We have a bit of a complicated relationship with Google In the SEO/inbound community. We are often the first, and loudest, to call them out when they get their priorities messed up or hoard data for questionable reasons.

But on the whole, we use more of Google’s wares than probably any other industry.

At Distilled, we use Google Apps for email, calendars, document collaboration, reporting, Google+ for internal sharing discussions, Hangouts for live video, chat, and webinars. Most of our clients use Google Analytics (as we do for our own websites). Our PPC specialists have core expertise in AdWords. Our keyword research work invariably turns to the AdWords Keywords Tool for search volume estimates.

While working with our Creative team to plan a data visualization project recently, I learned about a relatively new service from Google (Consumer Surveys — see below), and it got me thinking about other Google projects that have proven to be useful for our work and those that promise to be in the future.

This guide is intended for those SEOs/inbound marketers who are familiar the fundamental Google resources (Google Analytics, Apps, the AdWords Keywords Tool) but may not be aware of what else is out there and what is coming soon.


Analytics & Tagging

1. Universal Analytics

This is not particular to inbound at all, but it affects all disciplines of web marketing. Most online marketers have some familiarity with Google Analytics. It’s the most widely-adopted analytics platform on the web, and it’s about to evolve.

Universal Analytics (in beta) is apt to change the way we use and think about marketing analytics. This successor of the Google Analytics we know will bring improved performance and, most importantly, new functionality and flexibility to your reporting.
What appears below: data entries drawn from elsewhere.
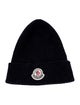 Moncler Moncler Knitted Beanie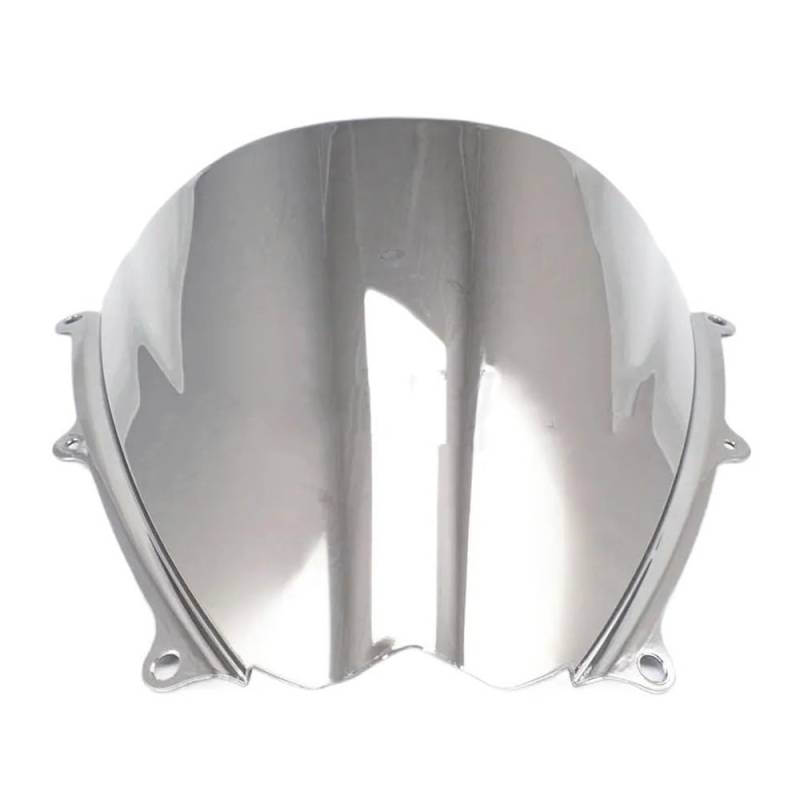 Windschutzscheibe Für GSX-R1000 GSXR1000 GSXR GSX-R 1000 K7 K8 2007 2008 Motorrad Double Bubble Windschutzscheibe Windschutzscheibe Schwarz von BAXPEVM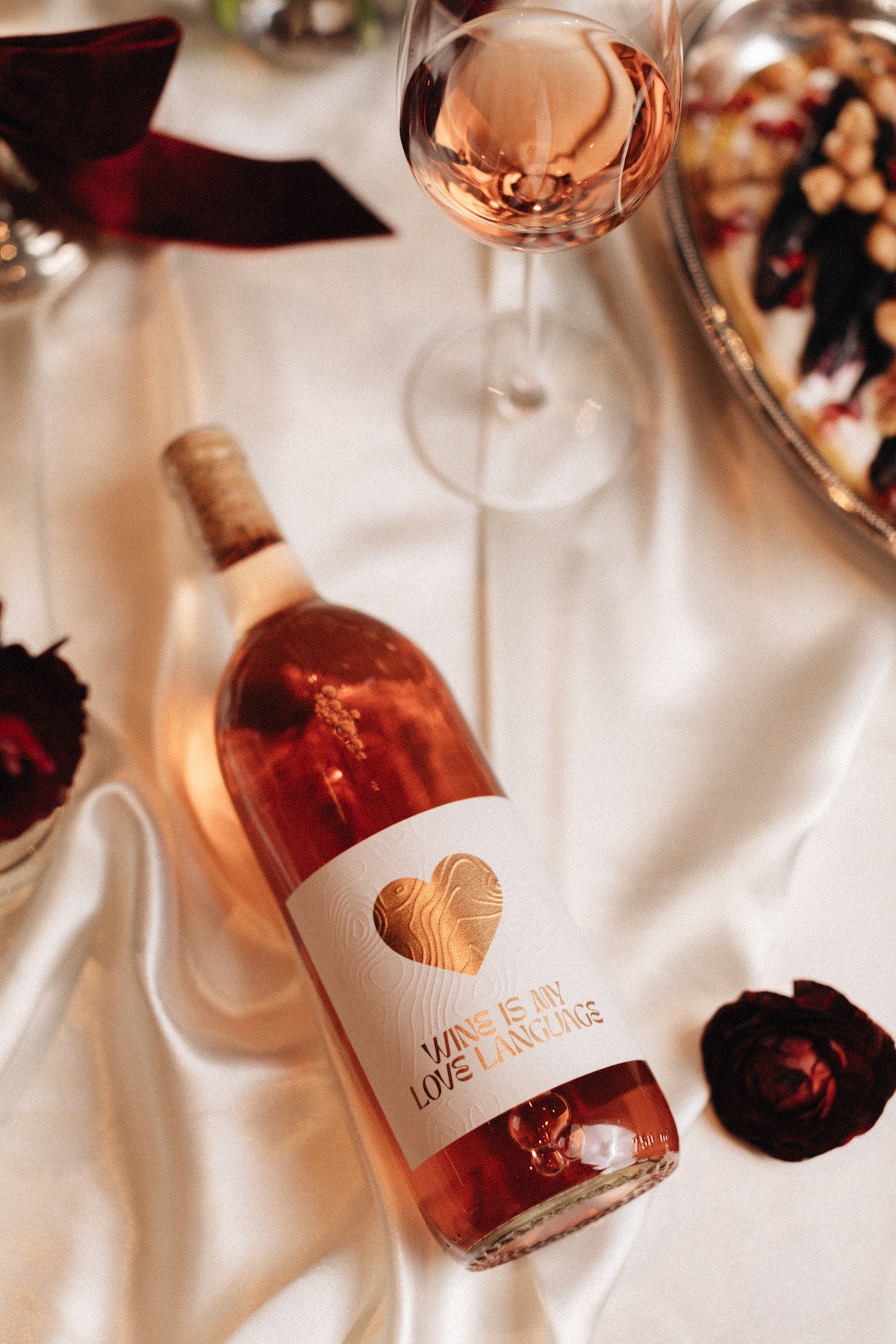 Love Language Rosé | Light-Bodied Rosé Wine | ONEHOPE Wine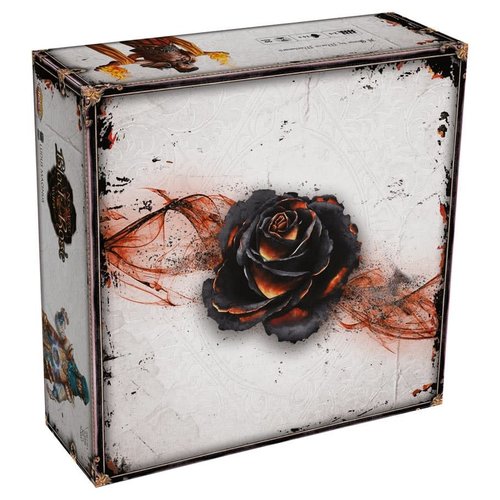 Ares Games BLACK ROSE WARS Ares Games BLACK ROSE WARS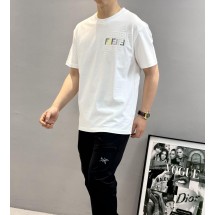 펜디 라운드넥 반팔 (해외배송)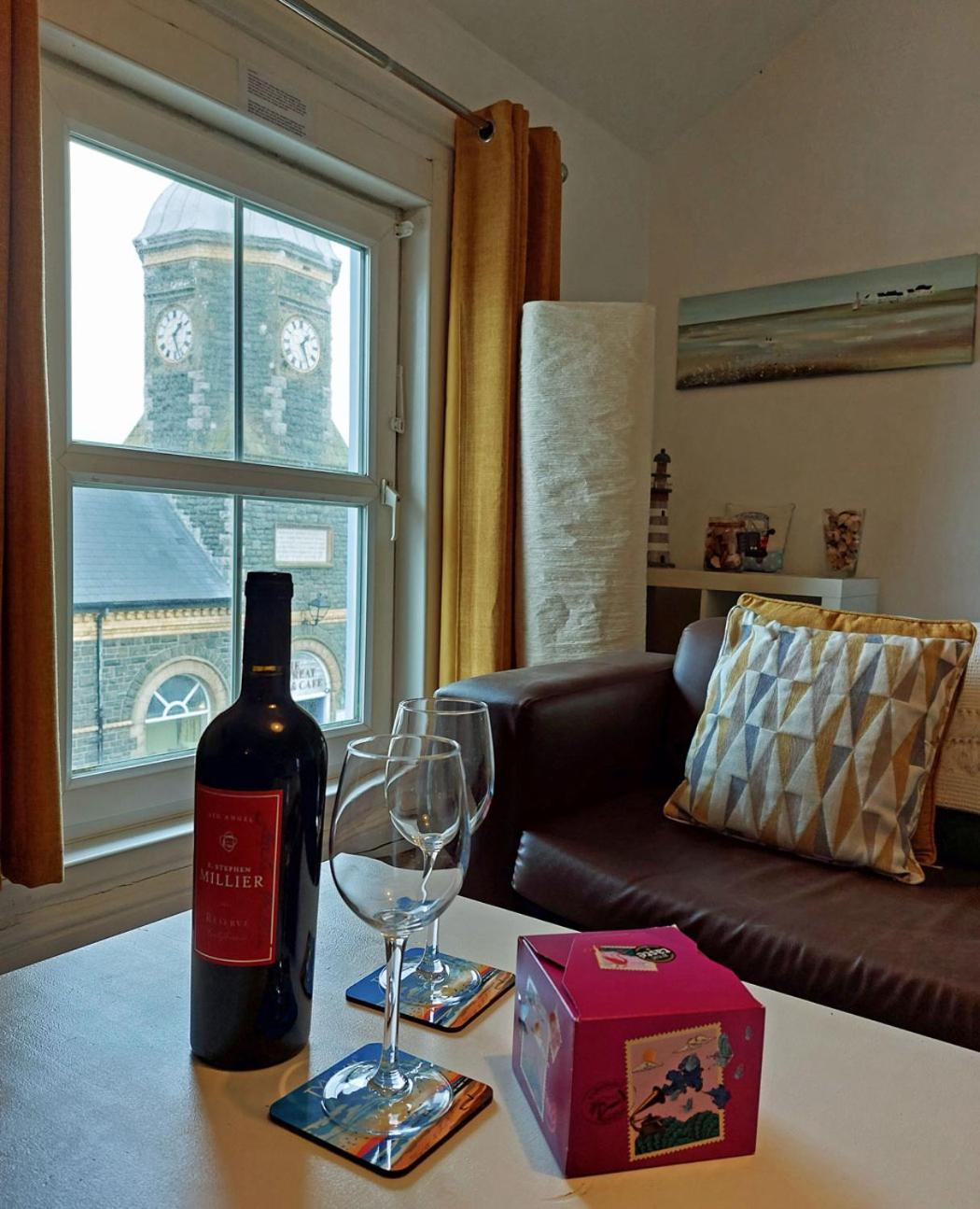 Salt Marsh Apartment 陶因 外观 照片
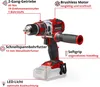 Trapano a batteria Einhell TE-CD 18 Li Brushless - Solo red Anteprima dell’immagine prodotto 20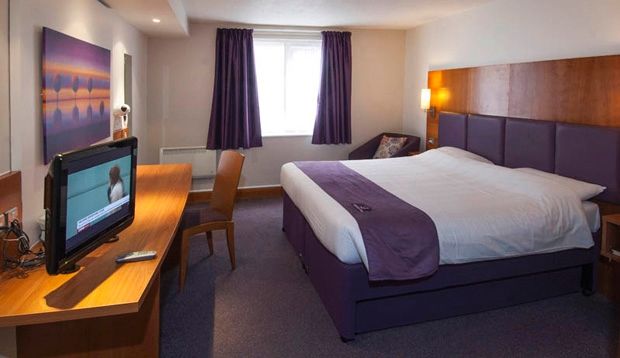 Premier Inn Gloucester Ngoại thất bức ảnh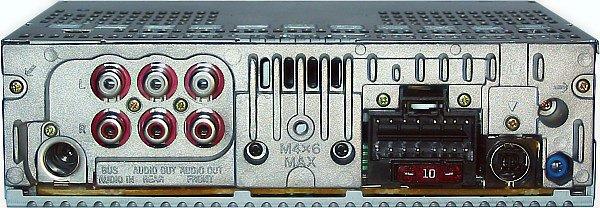 Автомобильный CD/MP3-плеер Sony CDX-MP30, фото 2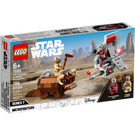 LEGO T-16 Skyhopper vs Bantha Microfighters Set 75265 Packaging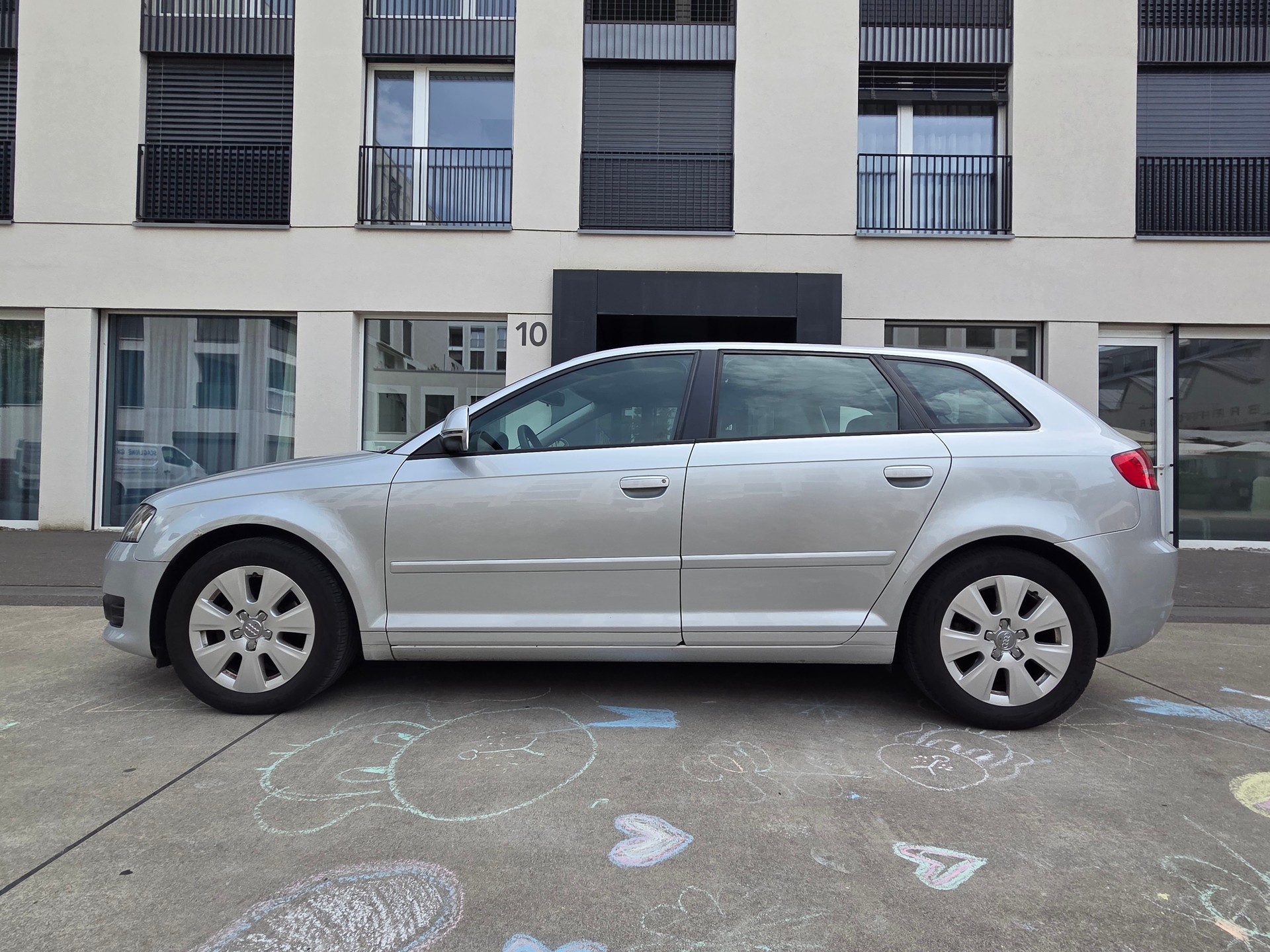 AUDI A3 1.9 TDIe Ambiente-image-5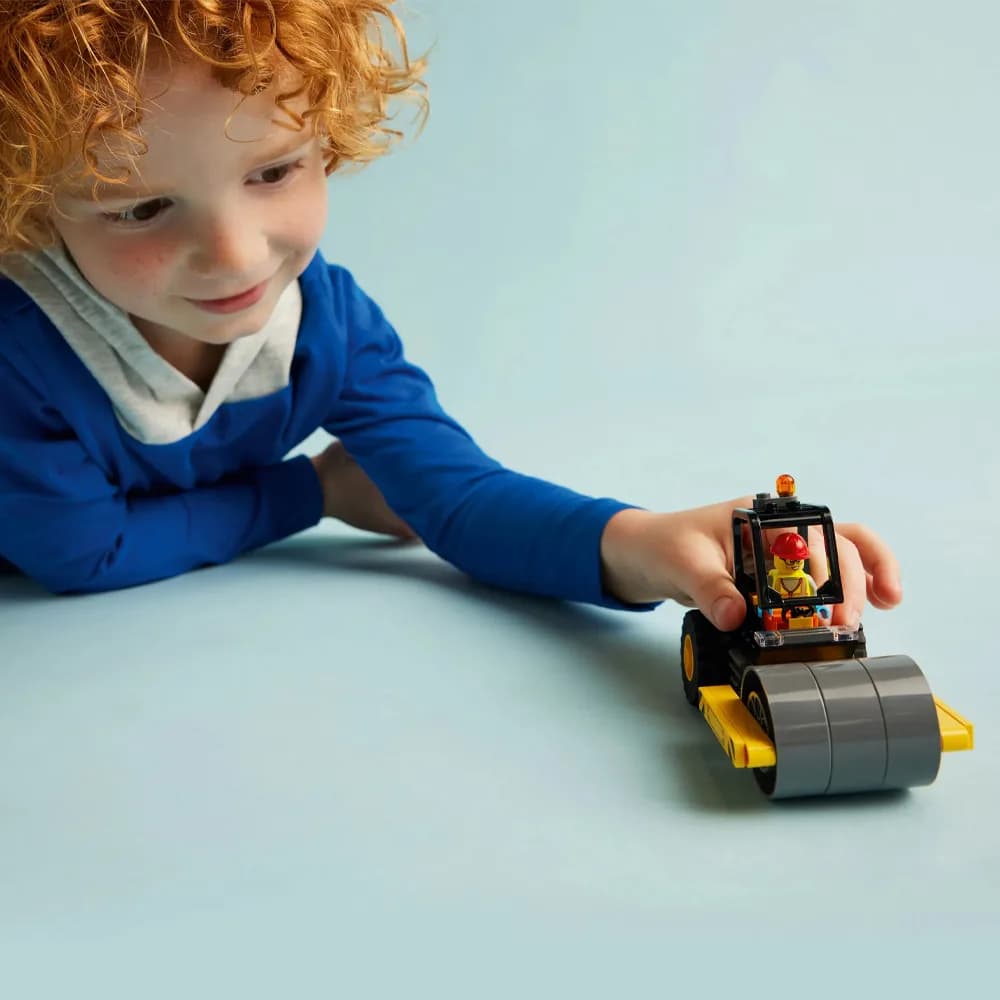 Конструктор Lego City Строительный каток 78дет 60401 фото 8 Конструктор Lego City Строительный каток 78дет 60401 фото 8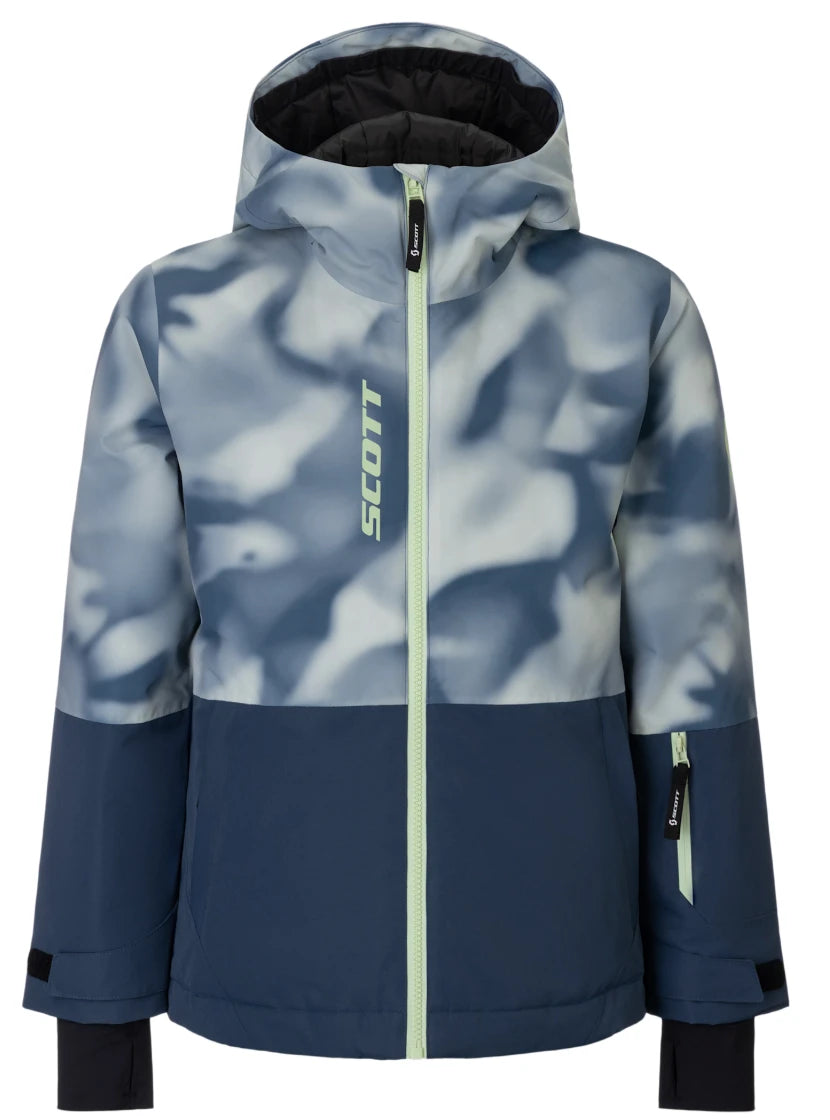Image of SCOTT Scott Jr Ultimate Dryo Jacket  Snowfit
Uses & benefits of Universal Analytics:

  • Cross device tracking of individual users: We live in a multi-device world. To date, Google Analytics has not had core functionality that allowed for tracking users across all of their devices (one user is tracked as multiple “unique visits,” one for each device). Universal Analytics creates a User ID for the individual and allows you to track their interactions with your site/app across their devices allowing for cross-device optimization.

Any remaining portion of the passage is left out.